Tamim Iqbal rushing out imperiously and tonking Zaheer Khan for a six remains one of the seminal shots in Bangladesh’s cricket history.
It was Bangladesh who ensured India bowed out of that tournament early. More importantly, it was comments from Bangladesh players about perceived arrogance from Indian players that still keeps floating around.
Mashrafe Mortaza had spoken about how he and his team were motivated by Anil Kumble’s comment prior to their game in 2007. The story goes something like this: Kumble bumps into Mortaza and has a friendly gripe about how India don’t have enough time between the 2007 World Cup and the tour to Bangladesh (which was to follow immediately). Mortaza saw it as embedded arrogance.

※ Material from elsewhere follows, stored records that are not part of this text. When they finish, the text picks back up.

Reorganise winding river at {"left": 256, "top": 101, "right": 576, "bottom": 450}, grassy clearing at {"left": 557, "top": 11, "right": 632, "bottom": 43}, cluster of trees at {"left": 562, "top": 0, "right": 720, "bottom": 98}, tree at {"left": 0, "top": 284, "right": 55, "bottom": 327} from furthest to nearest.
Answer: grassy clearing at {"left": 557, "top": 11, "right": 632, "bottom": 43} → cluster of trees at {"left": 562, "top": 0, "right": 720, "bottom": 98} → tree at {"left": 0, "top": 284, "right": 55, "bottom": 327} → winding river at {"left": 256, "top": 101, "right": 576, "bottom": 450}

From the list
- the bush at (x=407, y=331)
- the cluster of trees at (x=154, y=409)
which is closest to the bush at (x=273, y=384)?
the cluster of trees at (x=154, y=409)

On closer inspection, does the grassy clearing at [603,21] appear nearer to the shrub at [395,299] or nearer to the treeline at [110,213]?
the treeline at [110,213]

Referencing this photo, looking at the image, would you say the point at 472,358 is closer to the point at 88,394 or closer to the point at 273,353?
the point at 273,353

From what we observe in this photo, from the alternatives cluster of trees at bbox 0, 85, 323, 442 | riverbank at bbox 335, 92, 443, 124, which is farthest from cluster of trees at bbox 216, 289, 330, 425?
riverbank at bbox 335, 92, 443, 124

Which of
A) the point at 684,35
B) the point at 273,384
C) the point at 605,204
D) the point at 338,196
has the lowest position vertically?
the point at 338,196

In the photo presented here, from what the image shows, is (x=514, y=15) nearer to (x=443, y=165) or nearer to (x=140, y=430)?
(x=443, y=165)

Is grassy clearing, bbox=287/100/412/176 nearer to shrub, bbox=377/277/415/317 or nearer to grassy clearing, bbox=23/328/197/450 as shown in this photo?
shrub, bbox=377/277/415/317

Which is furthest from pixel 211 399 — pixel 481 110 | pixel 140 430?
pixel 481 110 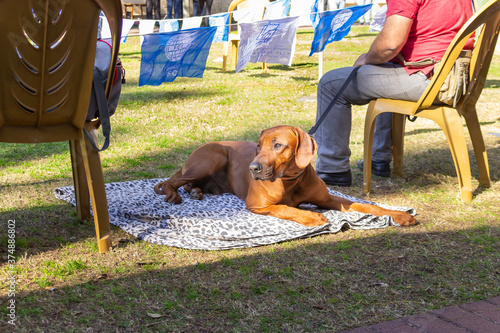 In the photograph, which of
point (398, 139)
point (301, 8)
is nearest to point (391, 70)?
point (398, 139)

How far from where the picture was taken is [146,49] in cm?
664

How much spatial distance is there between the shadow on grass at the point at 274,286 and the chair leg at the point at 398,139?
1.61 meters

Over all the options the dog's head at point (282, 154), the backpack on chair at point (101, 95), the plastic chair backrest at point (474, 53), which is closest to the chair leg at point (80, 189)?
the backpack on chair at point (101, 95)

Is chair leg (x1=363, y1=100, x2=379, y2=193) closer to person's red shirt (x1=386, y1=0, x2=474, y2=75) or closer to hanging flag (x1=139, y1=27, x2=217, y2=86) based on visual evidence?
person's red shirt (x1=386, y1=0, x2=474, y2=75)

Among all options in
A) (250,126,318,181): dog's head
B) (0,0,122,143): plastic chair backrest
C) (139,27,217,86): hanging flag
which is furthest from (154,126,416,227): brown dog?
(139,27,217,86): hanging flag

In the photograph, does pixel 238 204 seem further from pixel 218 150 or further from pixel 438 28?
pixel 438 28

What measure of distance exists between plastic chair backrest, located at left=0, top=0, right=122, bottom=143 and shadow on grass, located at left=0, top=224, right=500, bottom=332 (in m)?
0.83

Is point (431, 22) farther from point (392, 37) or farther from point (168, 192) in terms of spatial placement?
point (168, 192)

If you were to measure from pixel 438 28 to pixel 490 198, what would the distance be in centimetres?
146

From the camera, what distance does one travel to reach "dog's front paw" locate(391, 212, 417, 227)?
3775mm

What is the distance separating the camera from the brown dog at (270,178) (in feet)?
11.8

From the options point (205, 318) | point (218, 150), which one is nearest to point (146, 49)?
point (218, 150)

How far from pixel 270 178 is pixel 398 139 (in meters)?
2.07

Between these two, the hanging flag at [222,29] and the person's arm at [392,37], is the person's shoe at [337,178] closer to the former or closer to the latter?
the person's arm at [392,37] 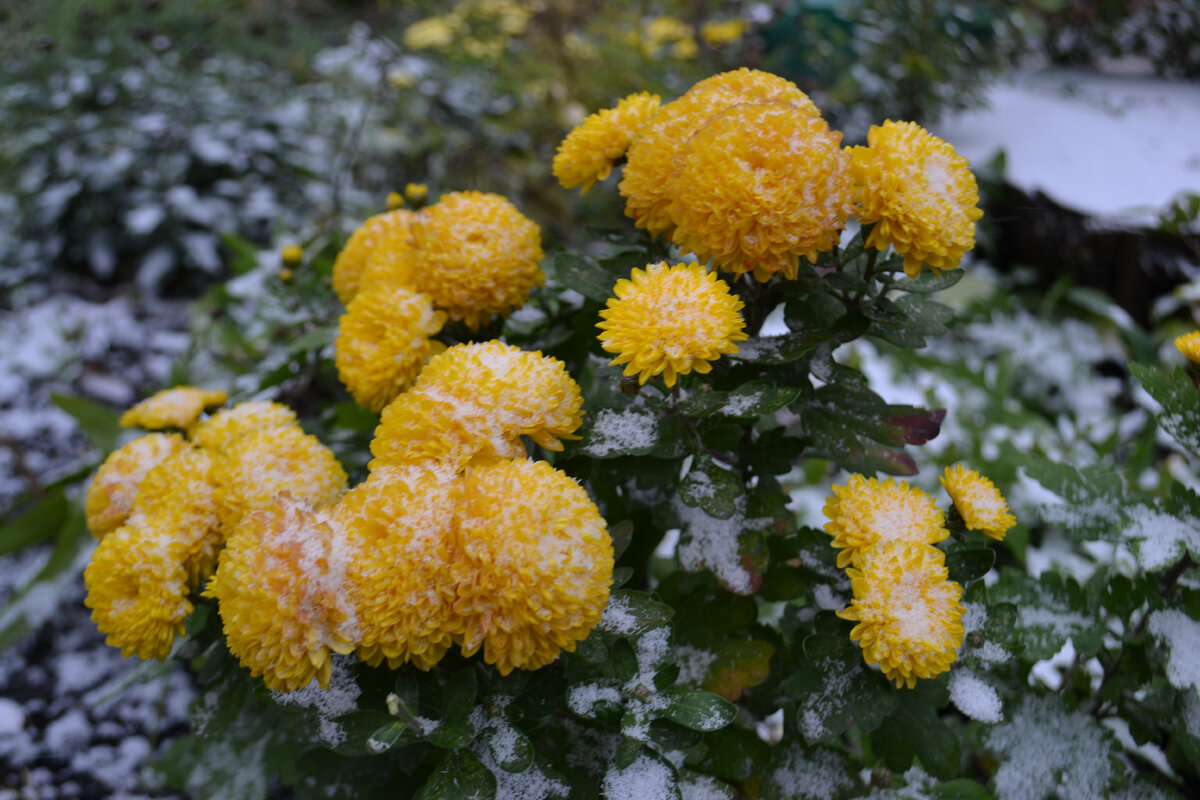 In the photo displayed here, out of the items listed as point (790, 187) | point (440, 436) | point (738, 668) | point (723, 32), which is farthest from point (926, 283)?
point (723, 32)

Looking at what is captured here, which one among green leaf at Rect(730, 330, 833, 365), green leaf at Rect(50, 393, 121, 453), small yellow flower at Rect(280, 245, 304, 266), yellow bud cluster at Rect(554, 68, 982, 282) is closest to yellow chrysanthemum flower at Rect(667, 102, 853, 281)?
yellow bud cluster at Rect(554, 68, 982, 282)

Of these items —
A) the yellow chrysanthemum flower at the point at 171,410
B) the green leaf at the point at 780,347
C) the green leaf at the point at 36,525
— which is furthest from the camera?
the green leaf at the point at 36,525

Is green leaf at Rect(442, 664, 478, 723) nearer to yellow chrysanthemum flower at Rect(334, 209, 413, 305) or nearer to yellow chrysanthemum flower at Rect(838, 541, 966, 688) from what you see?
yellow chrysanthemum flower at Rect(838, 541, 966, 688)

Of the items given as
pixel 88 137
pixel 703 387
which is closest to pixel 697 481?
pixel 703 387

“It certainly fired me. It was as if Bangladesh were seen just as a punching bag for big boys to move forward. I was determined to prove him wrong. Kumble’s statement almost implied that they expected India to reach the final. He didn’t say it to spite us but I was struck by the arrogance embedded in the statement. Here the tournament was still to begin and Indians were already expecting a berth in the final.”
Bangladesh went on to crush India by seven wickets in that game.
Sport has followed the political relationships between the two countries.
For years now, Bangladesh have viewed India as a slightly arrogant big brother.
Who can forget Virender Sehwag’s famous statement in 2010, three years after the World Cup debacle, that “Bangladesh are an ordinary side. They can’t beat India because they can’t take 20 wickets.”
I was there at that press conference then, and was a witness to severe backlash from fans and journalists from Bangladesh. They obviously took it as a personal insult and it opened up old wounds about perceived mockery and arrogance. Jamie Siddons, Bangladesh’s coach then, had a press interaction where he was asked about Sehwag’s comments and he didn’t hold himself back.
“His comments might bite him on his bum in a few years’ time. It might even hit him in the bum in a week’s time. We are definitely not an ordinary side.”
Considering India defeated them at their home in the 2011 World Cup, Bangladesh will be itching to create an upset. They have had an interesting tournament so far and are peaking at the right time. A fine win against England has been followed with this admirable job against New Zealand, one of the tournament favourites.
The quarter-final will be really interesting to watch. It should be a passionate affair. Hopefully, there won’t be any silly comments from any Indian player before the game!